A juventude já não é mais como costumava ser! Isso é o que afirma um estudo conduzido pelo economista David Blanchflower, da Universidade de Dartmouth, nos Estados Unidos. Segundo o pesquisador, antes se acreditava que o bem-estar ao longo da vida seguia uma curva em forma de U: os momentos de maior felicidade e realização ocorreriam na infância, na juventude e novamente após os 50 anos.
Entenda a pesquisa
Segundo Blanchflower e os demais pesquisadores responsáveis por esse ensaio científico, há pelo menos 600 artigos publicados sugerindo que a felicidade tem o formato de U na idade e, inversamente, que a infelicidade tem o formato de corcunda na idade. Contudo, eles afirmam que a faixa etária comum para se ter uma baixa na felicidade, que se acreditava ser na meia-idade, tem sido repensada.
A pesquisa afirma que de acordo com os novos dados, a faixa etária que mais sofre com relação à saúde mental e ao bem-estar são os mais jovens e que a trajetória da felicidade da vida de um indivíduo passa a assumir uma trajetória ascendente, ou seja, o atual ápice de contentamento e felicidade se concentra na velhice, enquanto os anos de juventude apresentam os índices mais baixos de bem-estar
“Agora, os jovens adultos (em média) são as pessoas menos felizes. A infelicidade agora diminui com a idade, e a felicidade agora aumenta com a idade, e essa mudança parece ter começado por volta de 2017. Os adultos em idade ativa são mais felizes do que os jovens", afirmaram os pesquisadores.
A situação é motivo de preocupação
Os estudiosos envolvidos na pesquisa manifestaram profunda surpresa diante dos resultados do ensaio científico e o principal responsável, David Blanchflower, destacou a gravidade da situação, revelando que atualmente aproximadamente 11% das mulheres jovens estadunidenses classificam seu estado mental como crítico diariamente. Entre a população masculina jovem, esse índice atinge cerca de 7% dos indivíduos.
Também teria sido identificado um crescimento expressivo no número de adolescentes e adultos jovens buscando atendimento psicológico, além de um aumento alarmante de internações por lesões autoprovocadas e essa crise não se limita aos Estados Unidos, sendo um fenômeno de escala global.
O que causa essa infelicidade dos jovens?

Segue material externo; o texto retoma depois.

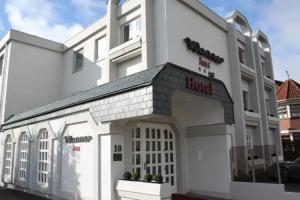 WannerHus Hotel, Gromitz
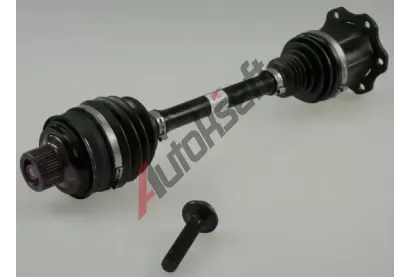 L�BRO Hnac� h��del GKN Automotive OE-Technology 52� LOB GKND12333, GKND12333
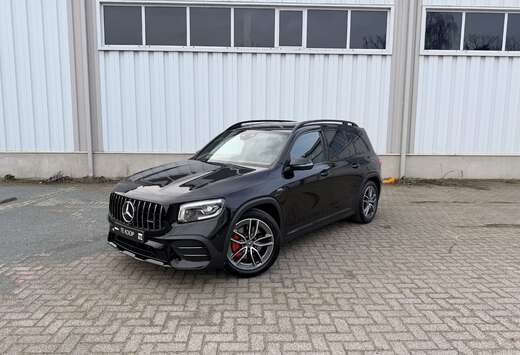 Mercedes-Benz 4-Matic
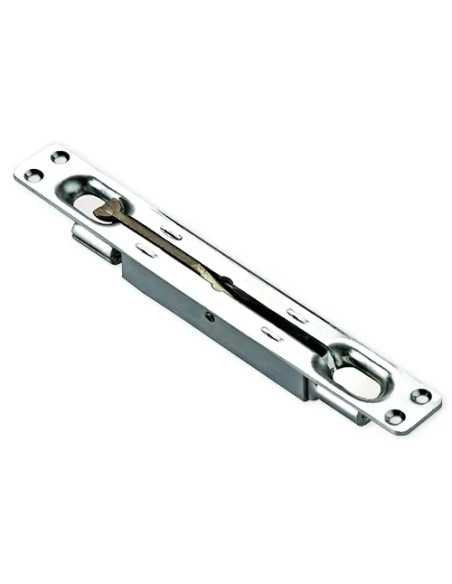 CATENACCI INCASSO 2V ZN MM.24X200 - Senza Marca | Utensili Store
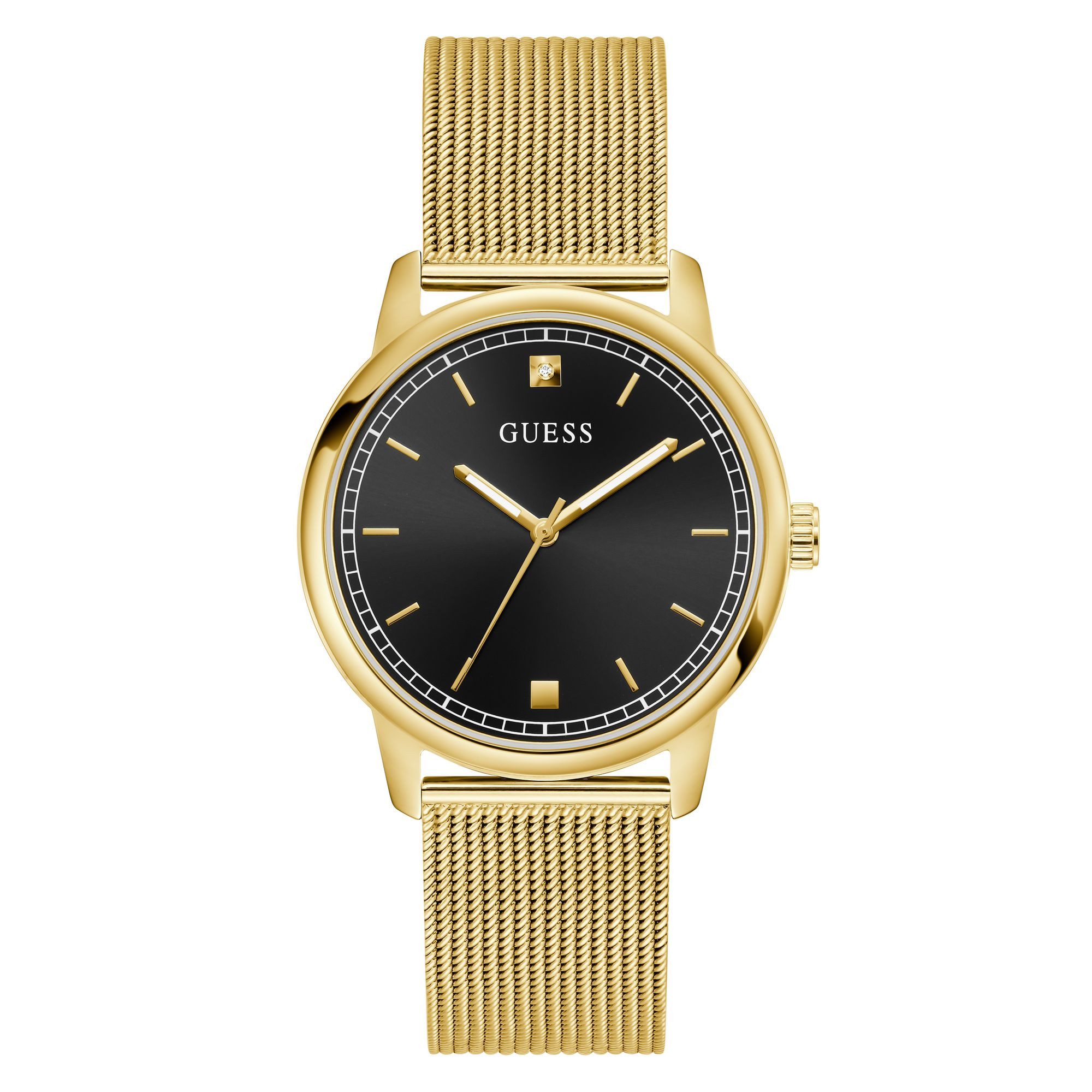 Guess Quarzuhr GW0974G2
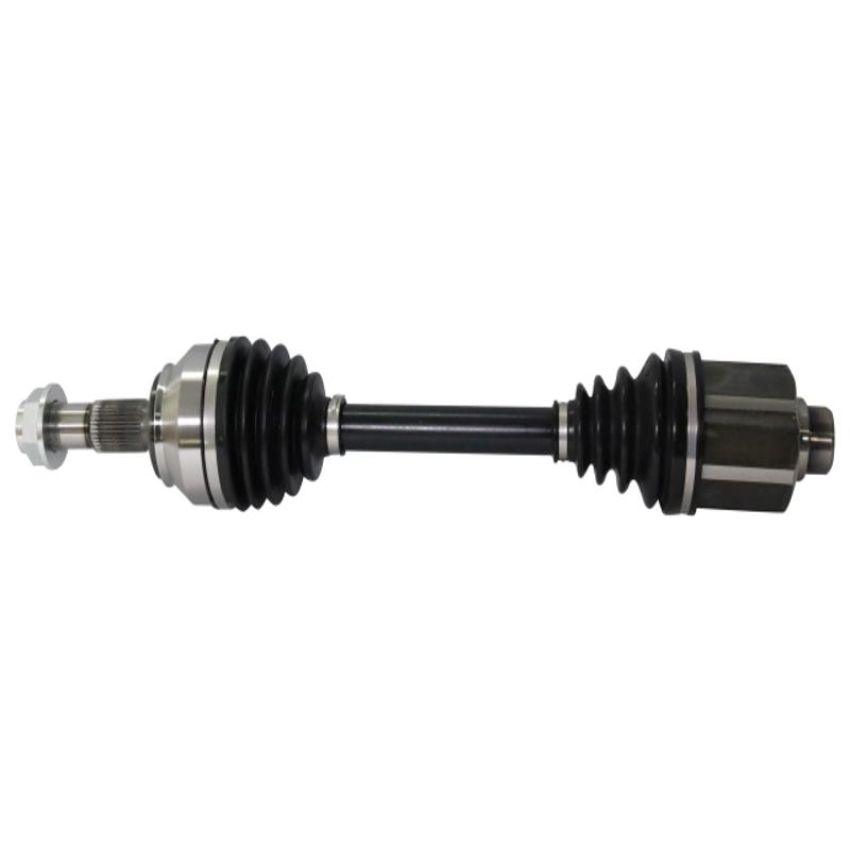 GSP NCV22003XD Ram (3.6) CV Axle Assembly  - Front Right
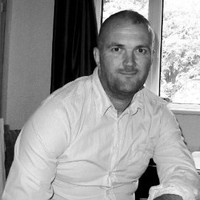 Mark Tomlinson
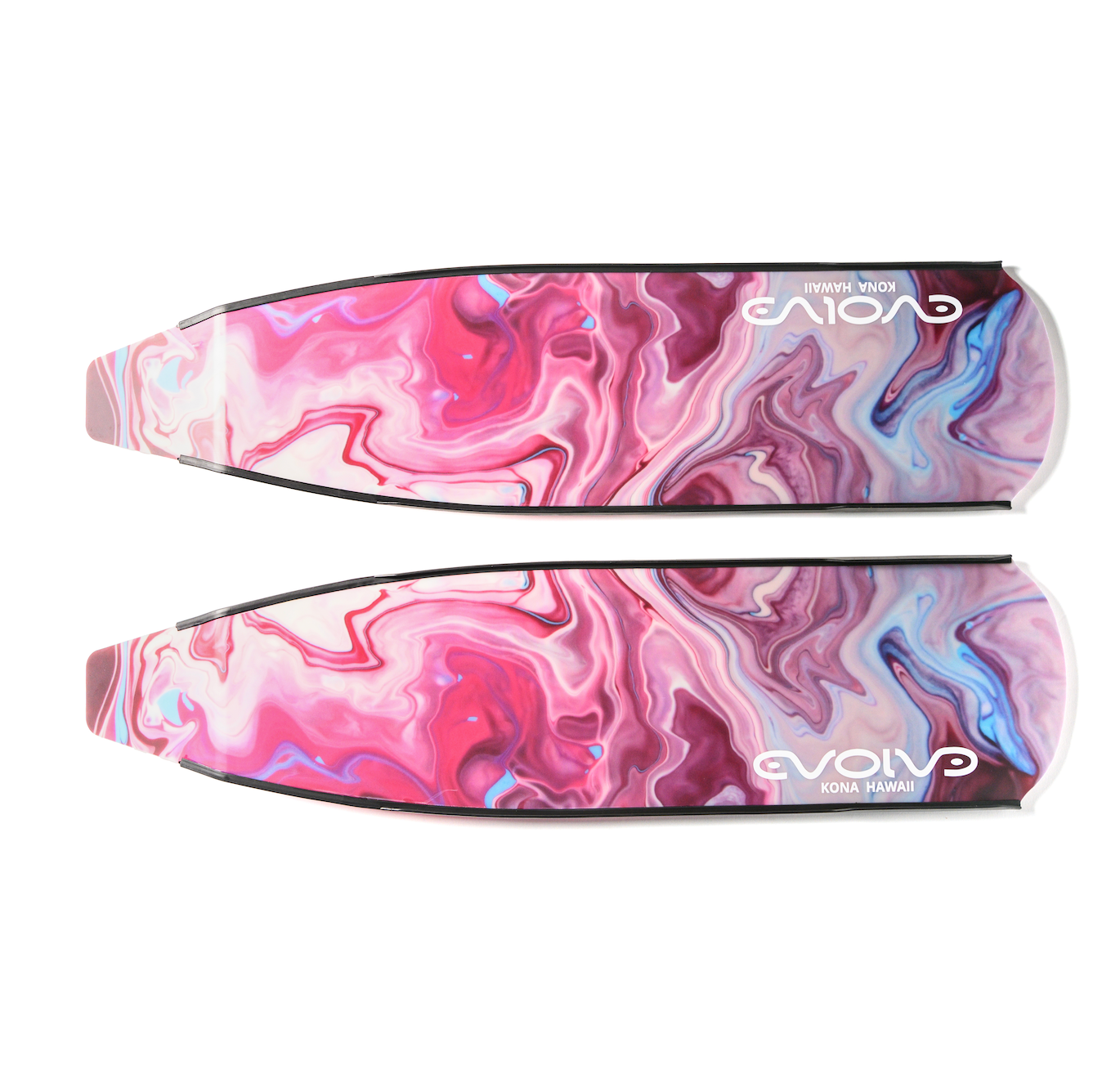 AIR Composite Fins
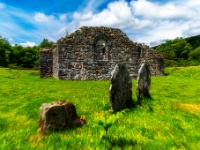 Glendalough, Co. Wicklow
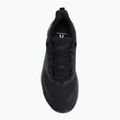 Damen-Trekking-Schuhe On Running Cloudhorizon 2 black/black 5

Identificar as razões por trás dessa transformação nos padrões comportamentais representa um desafio complexo. O fenômeno, observado de forma consistente em praticamente todas as culturas analisadas, desde nações economicamente desenvolvidas até países em fase de crescimento, demonstra uma alteração significativa nas dinâmicas sociais globais.
“Encontrei evidências do ponto mais baixo da felicidade em 145 países, incluindo 109 em desenvolvimento e 36 desenvolvidos”, afirmou Blanchflower, que também disse não notar perspectivas de mudança nesse cenário.
O que fazer para preservar o bem-estar e a saúde mental?
Cuidar da saúde mental é essencial para o bem-estar e pode ser alcançado por meio de práticas simples e eficazes que se praticadas desde a juventude, pode mudar a trajetória e a qualidade de vida dos menores.
Manter relações afetivas saudáveis, estabelecer rotinas equilibradas com sono de qualidade, boa alimentação e atividade física são pilares fundamentais. Técnicas como meditação, controle do uso das redes sociais e a capacidade de impor limites ajudam no controle do estresse e da ansiedade. O autoconhecimento também é importante, pois reconhecer gatilhos emocionais, aceitar sentimentos difíceis favorece o equilíbrio emocional. Buscar apoio profissional através da terapia ou acompanhamento psiquiátrico pode ser fundamental.